In theory this gives you more customization. In practice the models turn over quickly and you can get almost all the customization you actually want via system prompts.
Thanks to a generous grant that covered ~60% of the cost, I was able to justify buying a Mac Studio for running models locally, with the target originally being DeepSeek R1. Alas, I concluded that even having spent the money there was no practical reason to be running anything locally. Now that we have Claude Code to help set it up it would be cool and a lot less painful to try running Kimi K2 locally, and I want to try, but I’m not going to fool myself into thinking it is an efficient way of actually working.
Safety Not Even Third
Kimi does not seem to have had any meaningful interactions whatsoever with the concept of meaningful AI safety, as opposed to the safety of the individual user turning everything over to AI agents, which is a different very real type of problem. There is zero talk of any strategy on catastrophic or existential risks of any kind.
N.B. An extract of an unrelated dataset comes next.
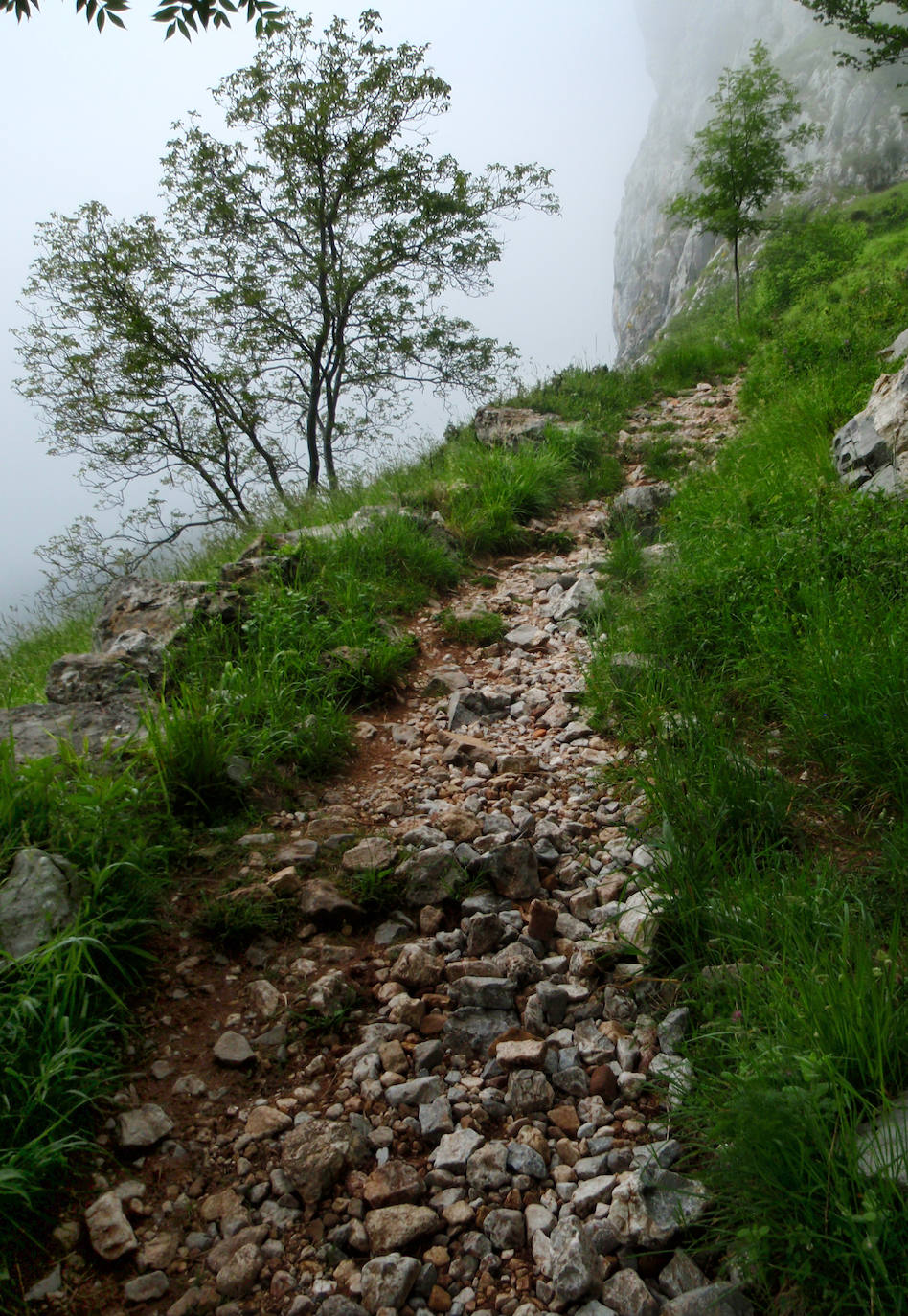 El ascenso a la localidad cántabra ofrece un paiseje espectacular con vistas a los Picos de Europa. Una ruta con una gran pendiente pero perfecta para disfrutar. No te la pierdas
I am not comfortable with this trend. One could argue that ‘not being usemaxxed’ is itself the safety protection in open models like Kimi, but then they go and make agent swarms as a central feature. At some point there is likely going to be an incident. I have been pleasantly surprised to not have had this happen yet at scale. I would have said (and did say) in advance that it was unlikely we would get this far without that.
The lack of either robust (or any) safety protocols, combined with the lack of incidents or worry about incidents, suggests that we should not be so concerned about Kimi K2.5 in other ways. If it was so capable, we would not dare be this chill about it all.
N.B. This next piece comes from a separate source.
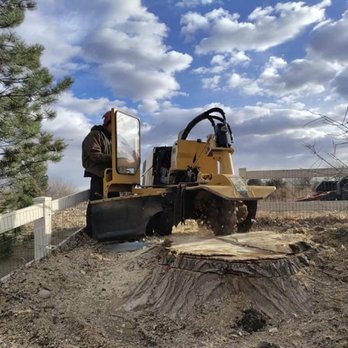 A&R Tree - Tree Services Near Me - Frederick, Colorado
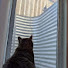 Xz9X4CCWkeo-channel-avatar-Staring At My Ceiling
Or at least, that’s what I am hoping.
It’s A Good Model, Sir
dax: all of our inference providers for kimi k2.5 are overloaded and asked us to scale down
even after all this time there's still not enough GPUs
This is what one should expect when prices don’t fluctuate enough over time. Kimi K2.5 has exceeded expectations, and there currently is insufficient supply of compute. After a burst of initial activity, Kimi K2.5 settled into its slot in the rotation for many.
Kimi K2.5 is a solid model, by all accounts now the leading open weights model, and is excellent given its price, with innovations related to the agent swarm system. Consensus says that if you can’t afford or don’t want to pay for Opus 4.5 and have to go with something cheaper to run your OpenClaw, Kimi is an excellent choice.
We should expect it to see it used until new models surpass it, and we can kick Kimi up a further notch on our watchlists.







At this point for coding effectively I want a beefy local machine just to run all the agent CLIs. With each agent running its own tests and so on, it's easy to consume a lot of resources. Local GPU isn't so important though.